Dipto Islam, March 9, 2016
Michigan says it wants a revolution by voting Bernie the winner. Bernie Sanders won Michigan Democratic primary in a tight race proving all the poll predictions wrong. High voter turnout confirmed his victory. His strategy of unmasking Hillary Clinton's past support for trade policies that killed US jobs proved fruitful.
Sanders narrowly won Michigan Democratic primary bagging 65 delegates, while Hillary got 58 delegates. He defeated Clinton by less than 2% margin (49.9% vs. 48.2%) with 99% of precincts reporting. Sanders got a total vote of 590, 386, while Clinton got 570,949. Michigan Democratic primary was a delegate jackpot of 147 delegates. It was the largest amount of delegates for the taking since Super Tuesday. After Michigan primary total delegate count stands at Clinton 760 and Sanders 546.
Michigan result followed the usual patterns: Sanders won younger ones, while Clinton did better among older voters. Clinton won black voters over Sanders 65-30. However, that's not nearly as strong as her performance among black voters in some Southern states. In Michigan primary, Sanders was able to cut into Clinton’s consistent edge with black voters. Exit polls suggested Sanders won three in 10 African Americans in Michigan, his best showing so far. In southern states, Clinton enjoyed as high as 90% black voters support. This indicates that Clinton’s black voter advantage is declining.
“I just want to thank the people of Michigan who repudiated the polls, who repudiated the pundits,” Sanders said in an impromptu 11 PM news conference. “The people’s revolution, the political revolution we’re talking about is strong in every part of the country.” He said record breaking turnout was behind the success.
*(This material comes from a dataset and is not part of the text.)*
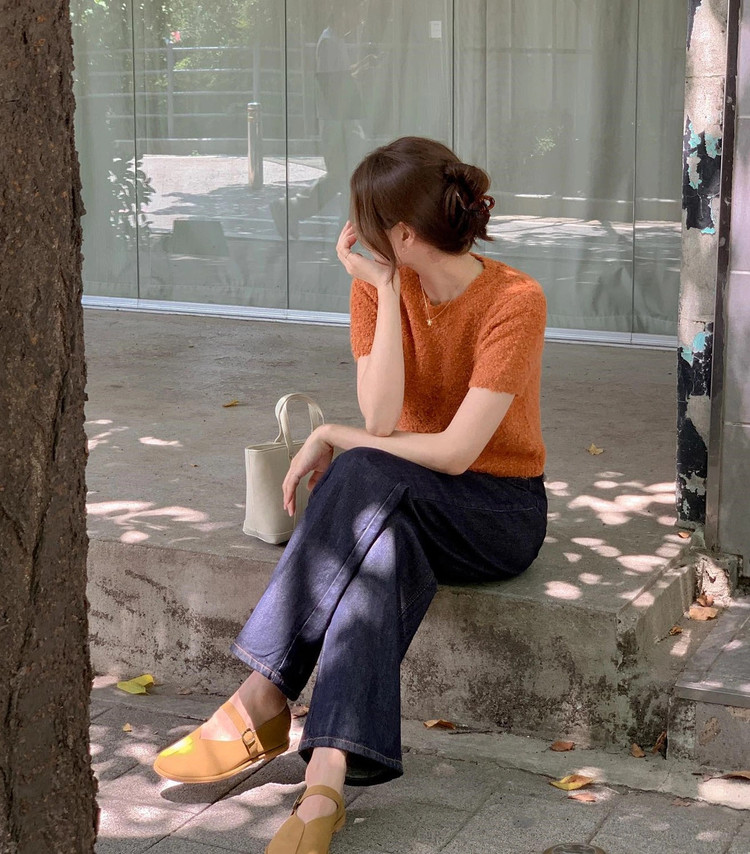 Kết hợp áo len cộc tay màu cam với quần jeans xanh tím than, người mặc có được bộ trang phục nổi bật, tươi tắn mà vẫn có sự hài hòa. Kết hợp áo len cộc tay màu cam với quần jeans xanh tím than, người mặc có được bộ trang phục nổi bật, tươi tắn mà vẫn có sự hài hòa.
Before the primary Sanders said, “if there is a large turnout, we are going to win here in Michigan.” Voter turnout was historic high compared to any other time. Voter turnout was 1,161,335 in 2016 compared to the closest of its kind 601,219 in 2008. Turnout of other years are nowhere near. ABC
The result is indeed an upset for Clinton and her trumpeters in the media who propagate that Sanders is unelectable. The result is also a proof of manipulated poll results that showed a Clinton average lead of 21%. Fox, ARG, and Monmouth polls conducted March 3- March 7, all showed a big Clinton lead. All these polls had a margin of error of 4% to 6%. The actual result shows that their margin of error was in fact more than 21%. All Democratic national latest poll results show a Clinton average lead of 11%. Michigan result hints that how erroneous, misleading, or manipulated these poll results could be.
Despite continued media blackout and misinformation feeding against Sanders by major main stream media, a Sanders’ victory in Michigan hints that public is growing impatient with media lies and they have started to defy media control over their thought process.
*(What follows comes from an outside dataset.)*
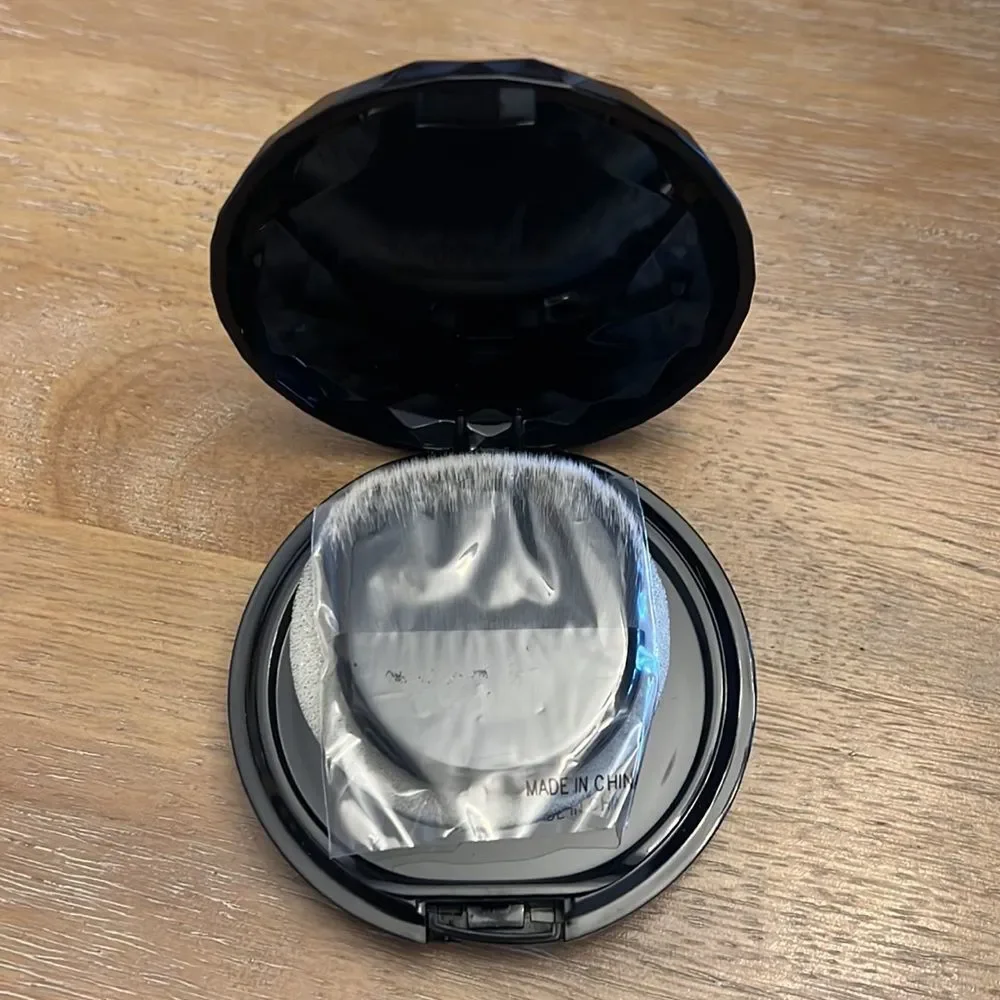 Kristofer Buckle Matte Warming Powder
“I just want to thank the people of Michigan who repudiated the polls, who repudiated the pundits,” Sanders said in an impromptu 11 PM news conference. “The people’s revolution, the political revolution we’re talking about is strong in every part of the country.”
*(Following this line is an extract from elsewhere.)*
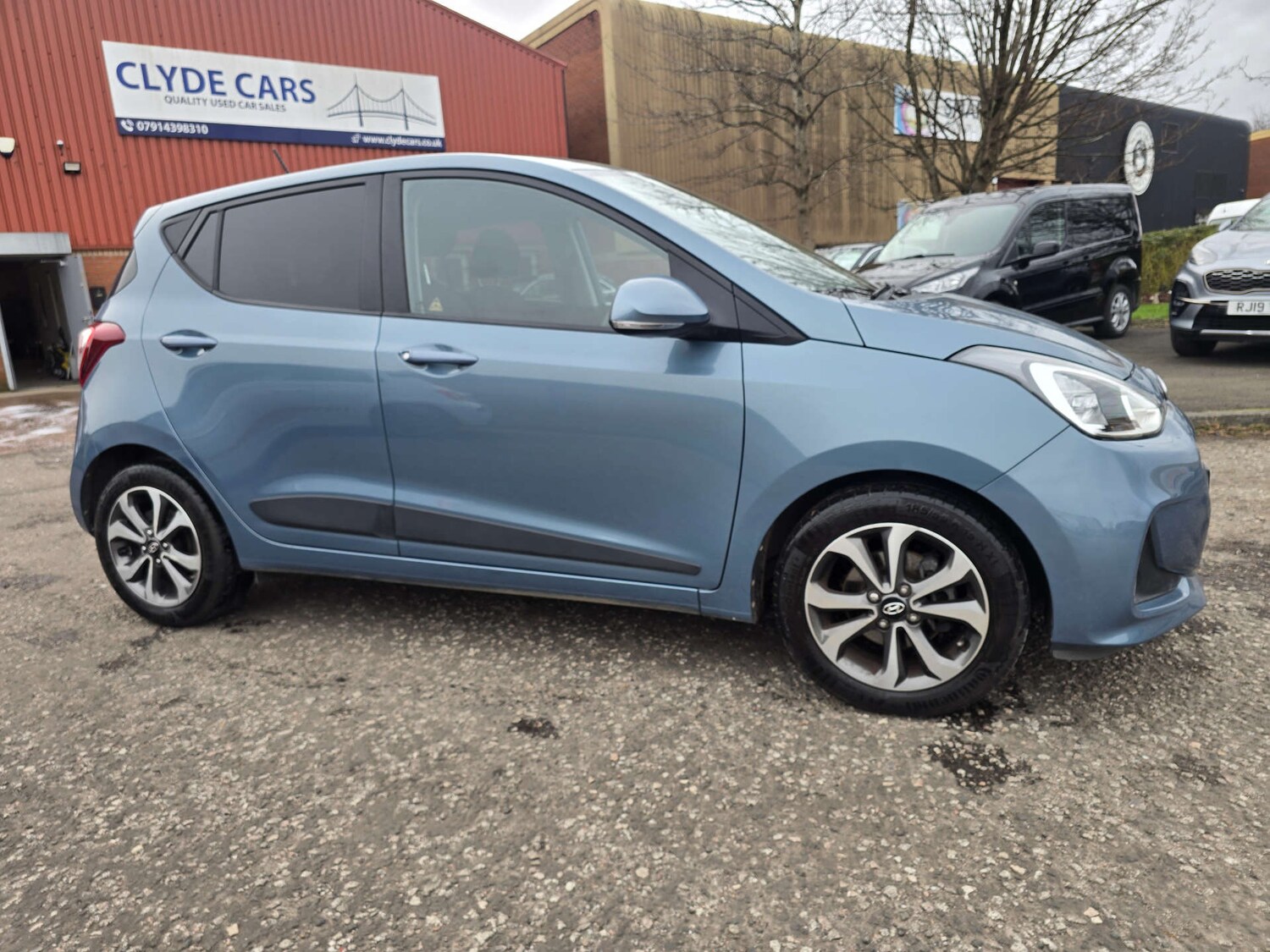 Used Hyundai i10 2018 for sale - 77558216: Photo 4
Sanders’ Michigan win may prove that his strategy was successful. Sanders had blasted Clinton on trade in Michigan. He had targeted Clinton's past support for trade policies like NAFTA and the Obama administration's Trans-Pacific Partnership. He pointed out to the voters that such trade pacts killed or would kill the kinds of manufacturing jobs that many Michiganders have.
“She was very, very wrong, and millions of families around this country have been suffering as a result of those disastrous trade agreements,” he said in a gathering of Michigan workers who talked about how they lost their jobs to expanded trade. Sanders accused Clinton of siding with big business and Wall Street.
More than half of Democratic and Republican voters in Michigan, along with Republicans in Mississippi, said trade takes away jobs, according to surveys of voters after they cast ballots. In exit polls, the majority of Michigan Democratic voters (56 percent) said they think trade takes away U.S. jobs, and Sanders was strong among those voters, with 56 percent of their vote.
Sanders’ Michigan win offers evidence that his message of fighting for blue-collar workers and opposing free-trade deals can resonate—and with big-delegate Rust Belt state Ohio coming up on the primary calendar on March 15, he will soon have the opportunity to employ that message again. Expect to see the Sanders camp amplify the trade message.